All patients underwent MDCTA of the supra-aortic vessels with a 16 multidetector row CT system (Brilliance; Philips, Best, the Netherlands) using a technique previously described.^24,26 Angiographic phase was obtained by injecting 80 mL of contrast medium (Ultravist 370; Bayer, Leverkusen, Germany) at a flow rate of 5 mL/s. A bolus tracking technique was used to calculate the correct timing of the scan. CT technical parameters included matrix 512 × 512; FOV 14–19 cm; mAs 180–220; kV 120–140; an intermediate reconstruction algorithm (C-filter) was used. Angiographic acquisition included the carotid siphon. None of the patients included in the study had a medical history of cardiac output failure or any contraindications to iodinated contrast media.

Brain MR Technique

Imaging examinations were performed with a Gyroscan 1.5T superconducting magnet (Philips) with a head coil, according to a standardized protocol. In all participants, conventional 2D T2*-weighted GRE MR imaging was performed (TR shortest; TE 23 ms; flip angle 15°; in-plane resolution 0.9 × 0.9 mm; FOV 230 mm; matrix 512 × 512; section thickness 5 mm; 0.5 mm intersection gap).
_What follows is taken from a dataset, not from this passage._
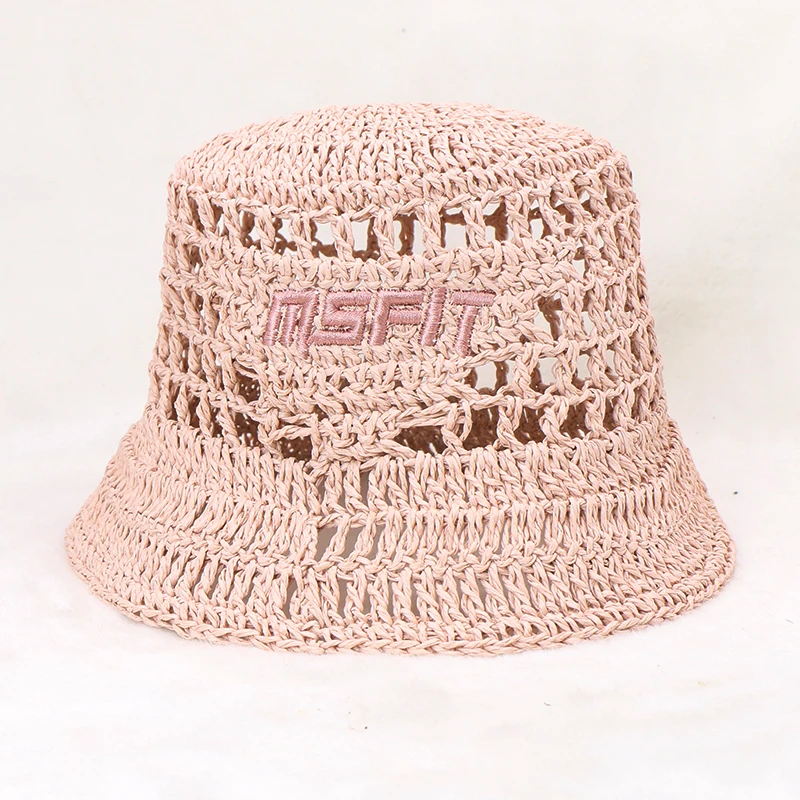 New Summer Design Hook Hat Rafi Straw Crocheted Fisherman Multicolor Beach Sun Visor Bucket Hat Hollow Hat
Two-dimensional T2*-weighted GRE was performed with flow compensation, with an echo time of 20 msec and a section thickness of 5 mm, in line with conventional settings.^27–29 DWI was performed with single-shot spin-echo with 2 diffusion sensitivity values of 0 and 1000 seconds/mm² along the transverse axis. In addition to T2*-weighted GRE and DWI sequences, axial spin-echo T1-weighted images (500–600/15/2 for TR/TE/excitations) and fast spin-echo T2-weighted images (2200–3200/80–120/1,2 for TR/TE/excitations; turbo factor, 24) were also obtained with the same section thickness.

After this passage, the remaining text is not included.